Highlights & Insights

  • Using a panorama as an intermediate representation is an excellent design choice—it naturally addresses the global consistency issue of 360° scenes while enabling GPT-4V's quality evaluation (prior methods without a global 2D representation could not perform such evaluations).
  • The entire pipeline enables "one-click" 3D scene generation in about 7 minutes, offering a user experience significantly superior to SDS-based methods that require laborious parameter tuning.
  • Formulating the affine ambiguity of monocular depth as a learnable geometric field optimization is a highly practical and elegant solution.

Limitations & Future Work

  • The generation resolution is limited by the default resolution of the pre-trained panoramic diffusion model (\(512 \times 1024\)).
  • Future work can explore higher-resolution generation and extension to 4D dynamic scenes.
  • The geometric accuracy of the scene remains bounded by the quality of monocular depth estimation.
  • vs. LucidDreamer: LucidDreamer extends views via progressive inpainting but cannot guarantee 360° global consistency. DreamScene360 solves this fundamental issue through the panoramic intermediate representation.
  • vs. DreamFusion: DreamFusion utilizes SDS distillation, which makes generation slow and low quality.
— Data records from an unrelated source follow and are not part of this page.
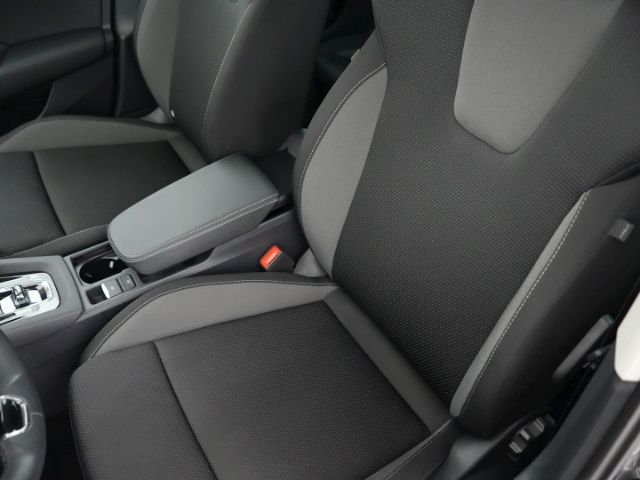 Octavia COMBI TOUR TDI DSG+AHK+LED+NAVI+STANDHEI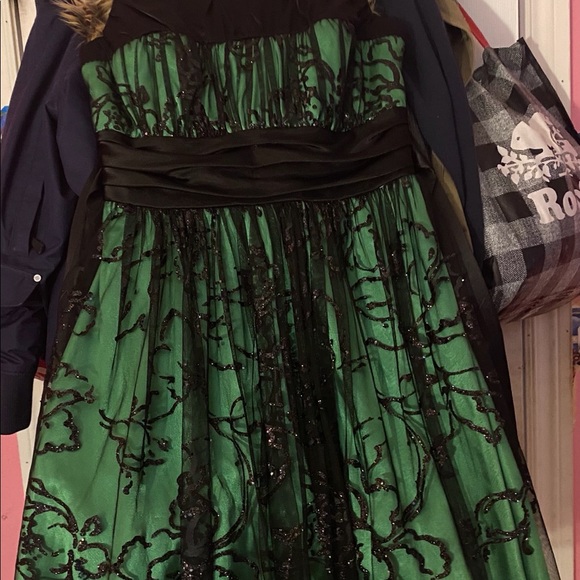 Prom dress - Picture 2 of 2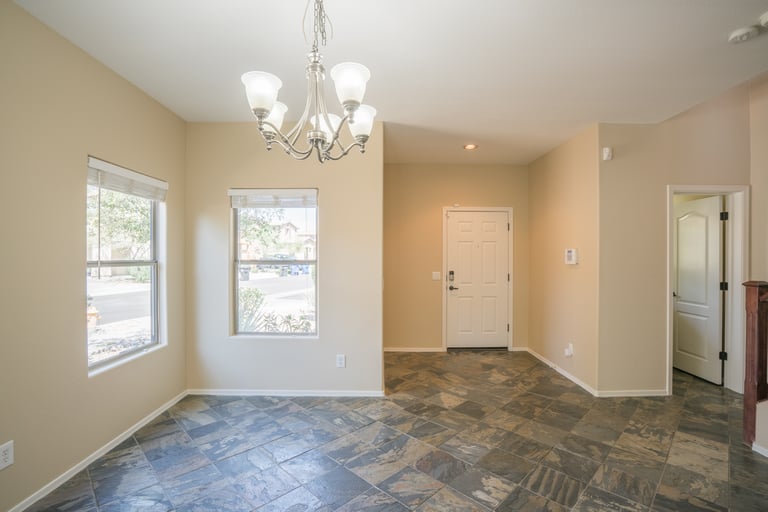 Photo 11 of 31 - 18563 W Fairway Dr, Surprise, AZ 85374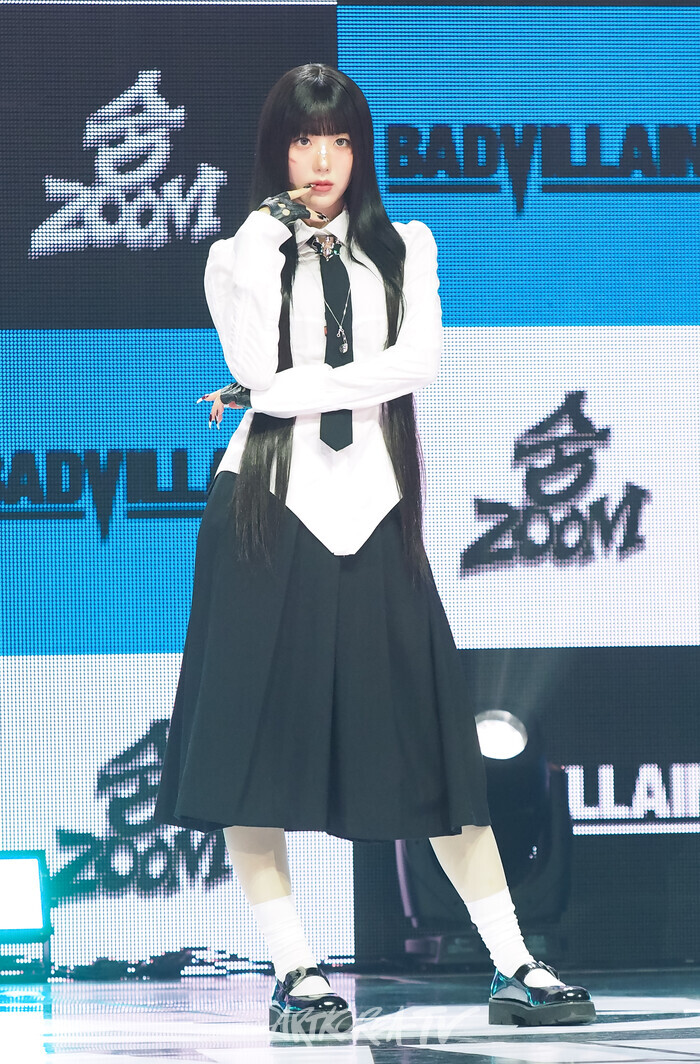 배드빌런 디지털 싱글 '숨'(ZOOM) 발매 기념 쇼케이스(윤서). 2024.11.19 사진 ⓒ아트코리아방송 이용선 기자​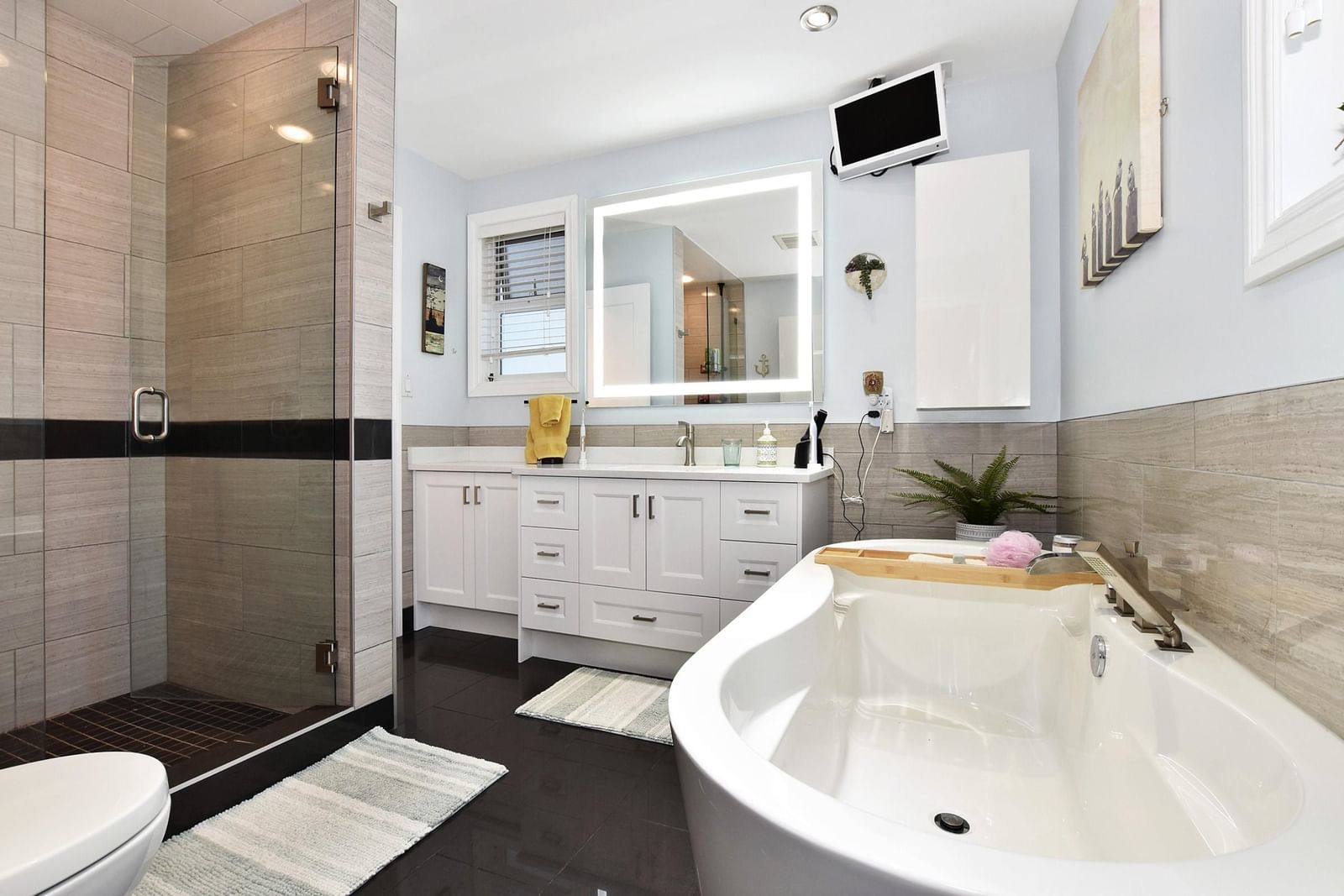 Listing Image 24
DreamScene360 avoids this time-consuming score distillation process.
  • vs. Text2Room: Text2Room uses a mesh representation to progressively construct indoor scenes, whereas DreamScene360 supports unconstrained both indoor and outdoor scenes.

Rating

  • Novelty: ⭐⭐⭐⭐ The design of using a panorama as an intermediate representation + GPT-4V self-refinement is simple yet effective.
  • Experimental Thoroughness: ⭐⭐⭐ Only compared with LucidDreamer; lacks more baselines and quantitative ablation.
  • Writing Quality: ⭐⭐⭐⭐ Clear structure, well-explained motivation, high-quality illustrations.
  • Value: ⭐⭐⭐⭐ Provides a practical end-to-end solution for 360° scene generation, indicating clear industrial application value.